My research has not been very fruitfull so far...

Thanks!


----------



## Laurie (Apr 27, 2014)

Fitzpatrick Castle in Killiney, near Dublin.


----------



## Passepartout (Apr 27, 2014)

Not to be too nosy, but since there are so many other TS's and B&B's in Ireland, is there a compelling reason not to just rent a car and see the sights on your own schedule?

Roads are narrow, and they drive on the 'wrong side' of the road, but cars are correspondingly smaller. You acclimate to which side to drive on pretty readily and it's just no big deal. GPS makes finding places a non-event.

Like in much of Europe, the timeshares are mostly rural, and off the beaten path- because most Europeans live in/near cities and commute by public transport. They are not too keen on doing the same on vacation.

Jim


----------



## ww1aerofan (Apr 28, 2014)

*Fear of Driving on"wrong side" and getting hopelessly lost*

Not to be too nosy, but since there are so many other TS's and B&B's in Ireland, is there a compelling reason not to just rent a car and see the sights on your own schedule?


Yes, you nailed both my fears on the head.  I fear " doing what comes natural"
on the road with my family in the car.   A pint or two in the pubs, and I fear that
I would just make the wrong choice of the side to drive on,  or go too wide
on a turn and be in an accident.

I was in Ireland 20 years ago, and found the streets terribly hard to to
find or even read.  The street were windy, changed their names frequently, street signs were sparse, and many in the "native tongue" which I could not
distinguish.

I was impressed with the bus and rail lines in Ireland, and they seemed
like a more rational way to get around.

Does anyone else have any experience trying to do a vacation with public
transportation?  Am I crazy for even trying?

Thanks!


----------



## tashamen (Apr 28, 2014)

ww1aerofan said:


> Does anyone else have any experience trying to do a vacation with public transportation?  Am I crazy for even trying?



Well, I don't have experience in Ireland, but in general I try to do many of our ts vacations with public transportation, even in places in the US where everyone says that you need a car.  And I would want to do the same in Ireland or elsewhere in Europe, especially since the cost of car rentals seems to be very high.  

If you're not familiar with Rome to Rio, it's a great site for figuring out how to get anywhere (almost) with public transport: http://www.rome2rio.com/


----------



## Laurie (Apr 28, 2014)

Have you read the TUG reviews for Fitzpatrick Castle I recommended above? Some reviewers address using public transportation only.

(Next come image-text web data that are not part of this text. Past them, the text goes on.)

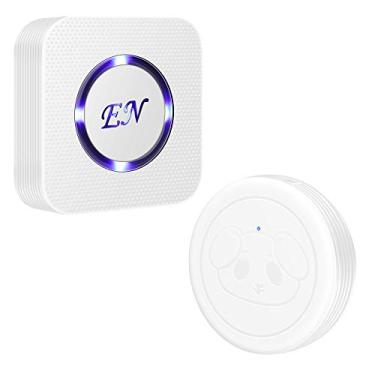 Imagem de EverNary Campainha de porta de cachorro, campainhas sem fio para treinamento de penico, campainha de porta de cachorro com botão de toque à prova d'água, sinos para cães para sair incluídos 1 receptor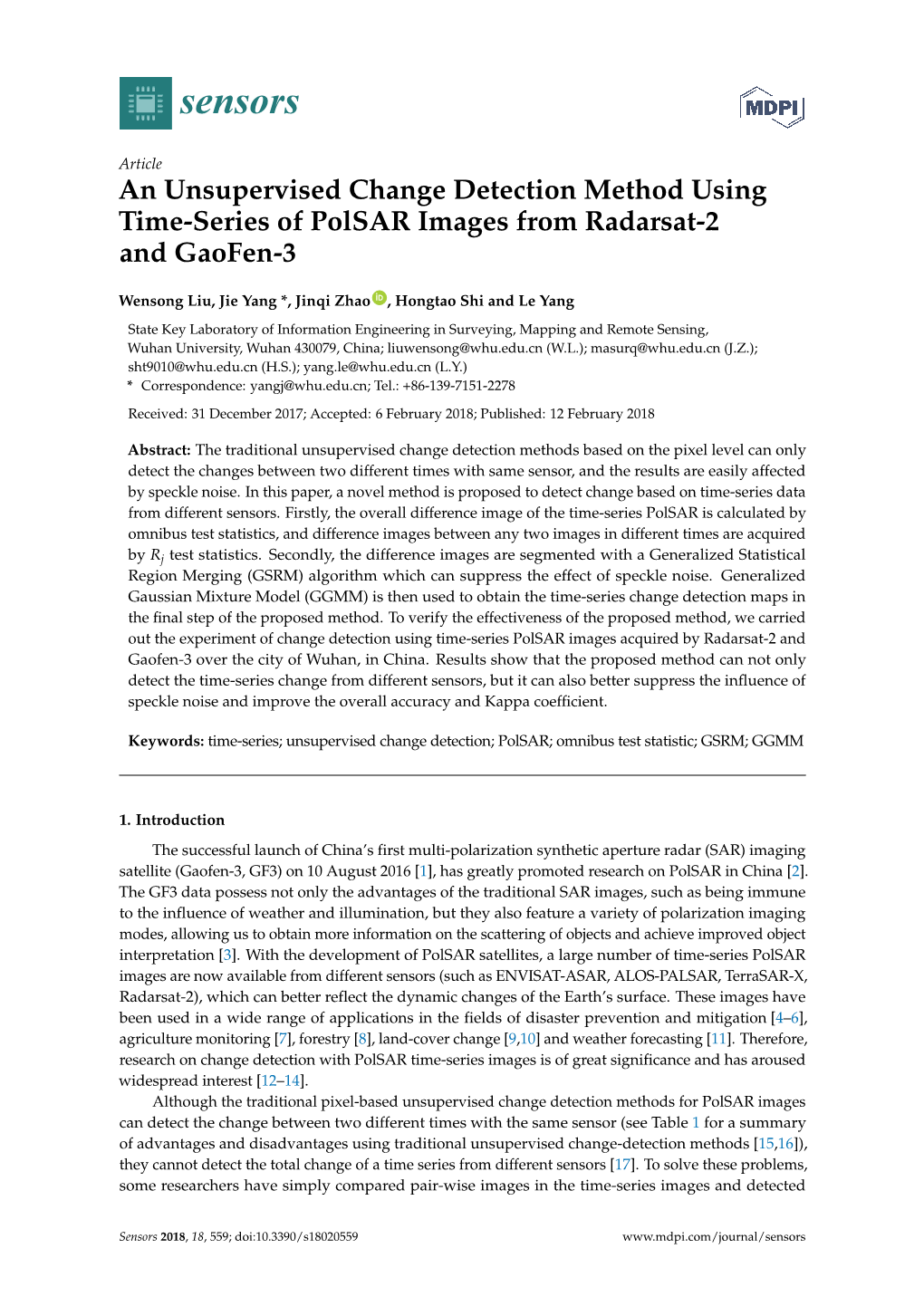 An Unsupervised Change Detection Method Using Time-Series of Polsar Images from Radarsat-2 and Gaofen-3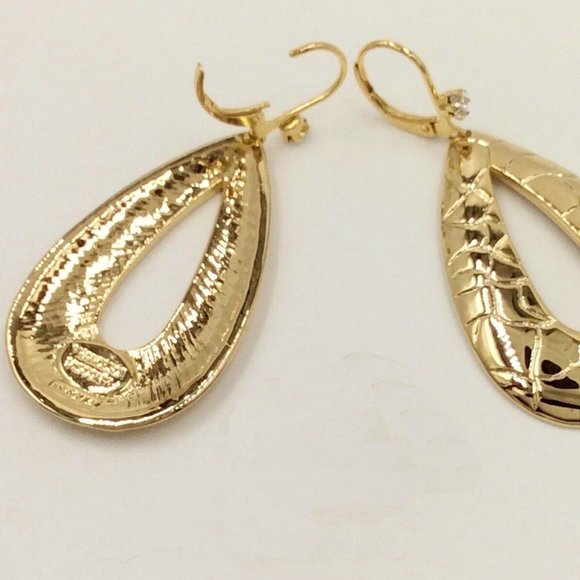 Francesca Visconti Animal Print Teardrop Earrings 2" or 2.75" Gold Tone NWOT - Picture 3 of 4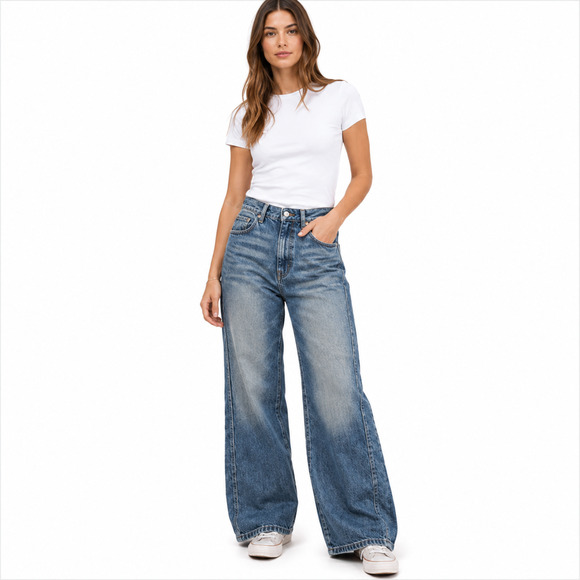 warp weft Denim - Warp + Weft Wide Leg High Rise Jeans Women's Size 2/26 Blue Denim Relaxed Fit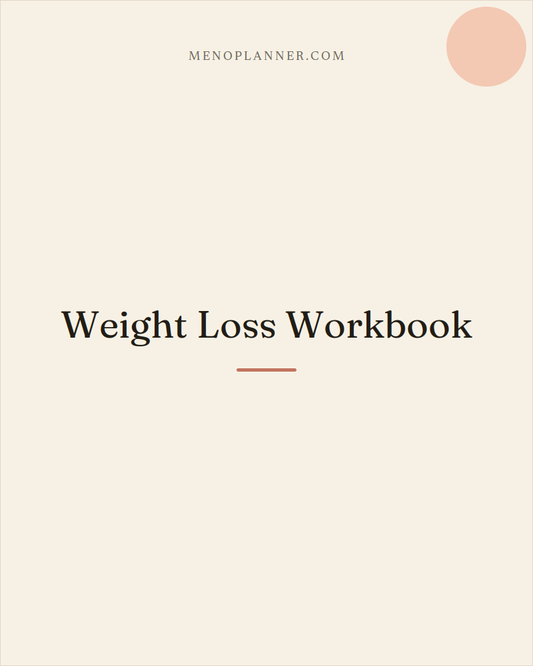 Grid thumbnail cover for the Menopause Weight Loss Workbook, with a peach accent circle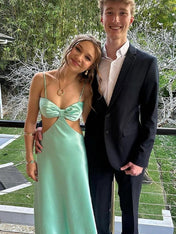 Aqua Sexy Bow Front Cutouts Long Prom Maxi Dress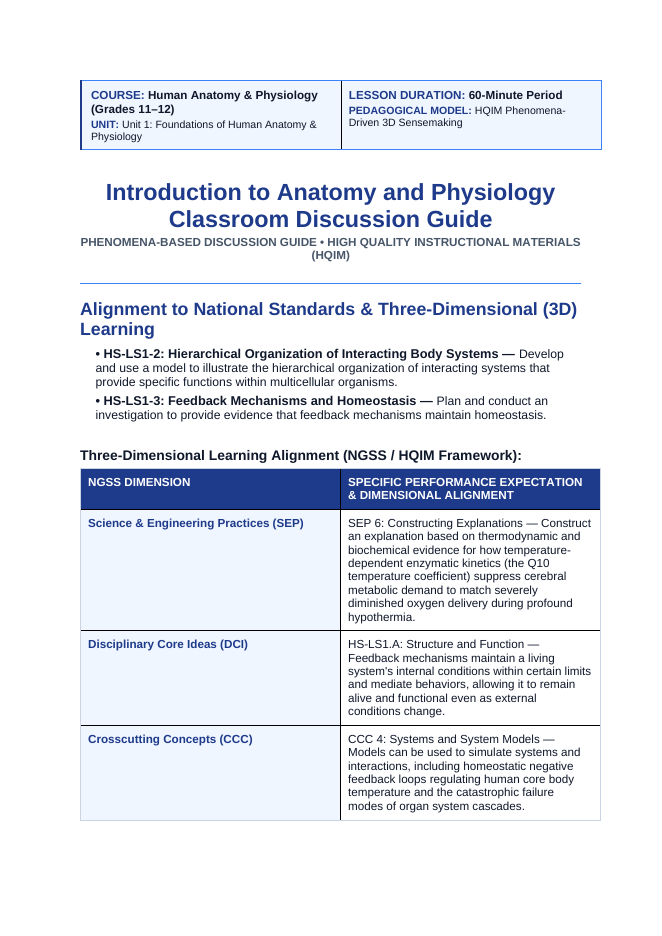 Introduction to Anatomy & Physiology Phenomena-Based Lesson: The Frozen Miracle: 80 Minutes Submerged at 13.7°C with Near-Complete Neurological Recovery Teacher Discussion Guide sample page
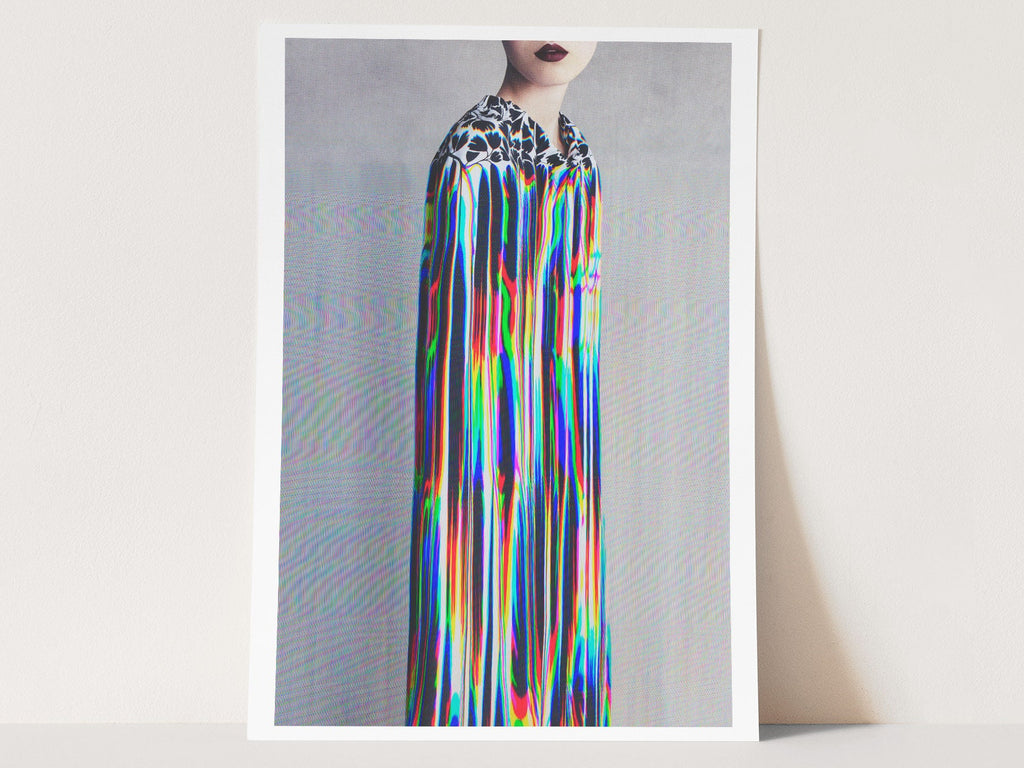 Trippy Altered Portrait Photo Rainbow Wall Art - Eclectic Fashion Decor for Home, Office, Living, Dining Room | Untitled (80) Giclée Print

btw - we've driven all over many parts of Europe by the way, and didn't love car travel in Ireland (we were on the east coast - maybe it's a bit more laid back in the west or central). Paying extra for auto insurance is required in Ireland and just a few other countries - your credit card won't cover you - there's a reason for that.  So if Dublin area is high on your list of destinations, you can do this without a car. You can get reasonable day trips to some of the sights such as Newgrange, Glendalough, etc.


----------



## SMHarman (Apr 28, 2014)

ww1aerofan said:


> Not to be too nosy, but since there are so many other TS's and B&B's in Ireland, is there a compelling reason not to just rent a car and see the sights on your own schedule?
> 
> 
> Yes, you nailed both my fears on the head.  I fear " doing what comes natural" on the road with my family in the car.   A pint or two in the pubs, and I fear that I would just make the wrong choice of the side to drive on,  or go too wide on a turn and be in an accident.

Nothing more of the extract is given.